Things started in seventh grade when we learned about germs in health class. Our textbook said that germs are everywhere and that they can be easily passed from person to person, person to object, and object to person. This scared me. How had I not known about this?

Before I had learned about germs, I hadn’t made distinctions between what was clean and what was dirty, unless it was something obvious like garbage. But this planted a seed in my head. Maybe the things around me aren’t clean.

I started thinking about germs hundreds of times a day. When I would touch something like the TV remote, light switches or my phone, I added them to my mental list of dirty things. I felt like the germs were clinging to my hands and would spread to the rest of my body.

The bathroom sink pulled me toward it like a magnet. As I walked to the bathroom I’d wish that I didn’t feel this need to wash my hands. But as I got closer the need to wash my hands overpowered any other thoughts. Once my hands were under the warm running water, I’d pump the liquid soap onto them, rub it all over and scrub. But as good as I felt after washing my hands, having to do it so often kind of scared me. Was there something wrong with me?

I also became obsessed with organization. When I helped set the table I had to make the forks and knives parallel to each other. And each place setting had to be identical to the one across from it. Then I would line up the chairs. If I noticed a mistake (even a fraction of an inch), I would correct it before sitting. I didn’t know why I had to do this, but it was like an itch that wouldn’t go away.

I didn’t want my parents to know how bad it was

Illustration by Ruth Xu, 17, Wilson HS (Hacienda Heights)

After a few weeks my parents noticed my handwashing and obsession with organizing. When they asked me why I did it I shrugged and told them that I didn’t know. I was afraid to tell them the truth because I thought that they would think something was wrong with me. I hoped it would just go away.

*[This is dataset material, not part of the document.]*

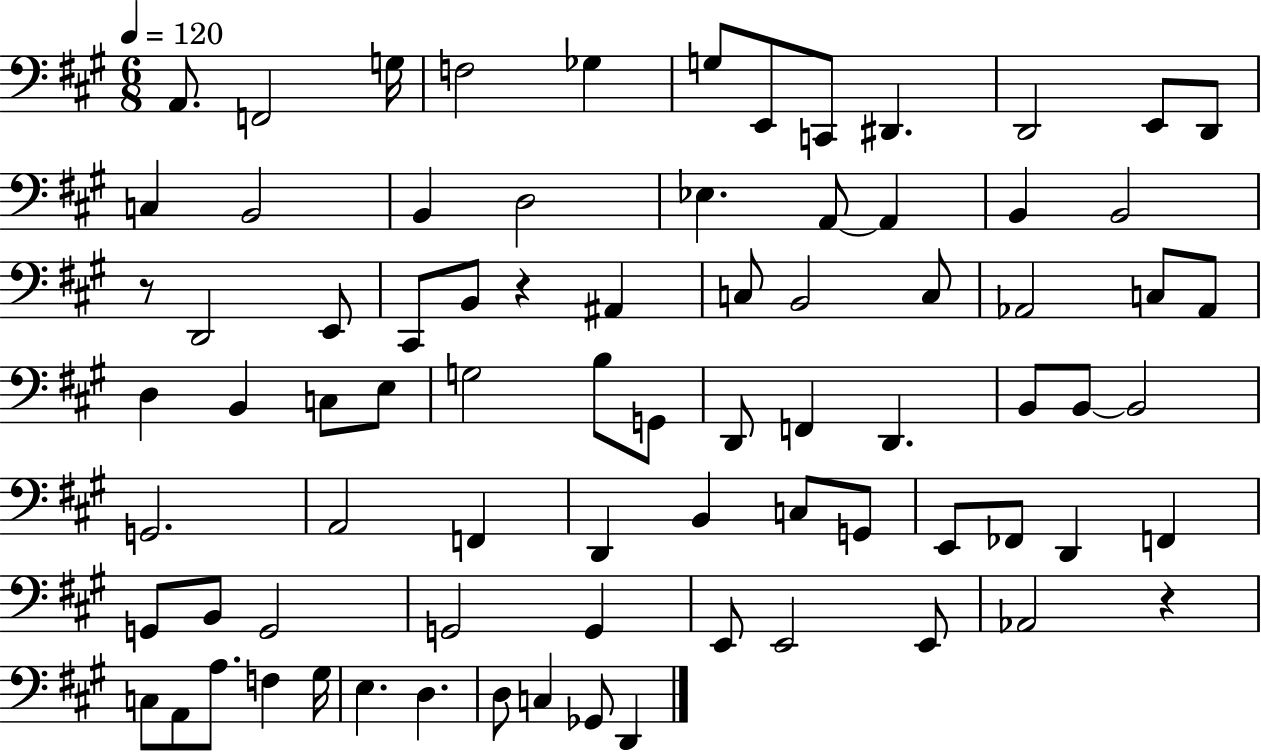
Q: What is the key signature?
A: A major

There were times I didn’t wash my hands and lived with them feeling tainted because my parents had just asked me about my handwashing. I didn’t want my parents to start asking me more questions. When I didn’t wash my hands it felt like they were covered with a layer of dust. Thinking about it sometimes literally made it hard to breathe. But other times I couldn’t not wash my hands even though I knew my parents might question me. Every day I had to choose between being clean and risk getting asked about my obsession or avoiding their questions and being dirty. I felt stuck.

The weird thing about my OCD was that it didn’t bother me at school, which was good because I didn’t want to attract more attention to my handwashing. But as soon as I got home I immediately had to wash off all the dirt that had accumulated on me during the day.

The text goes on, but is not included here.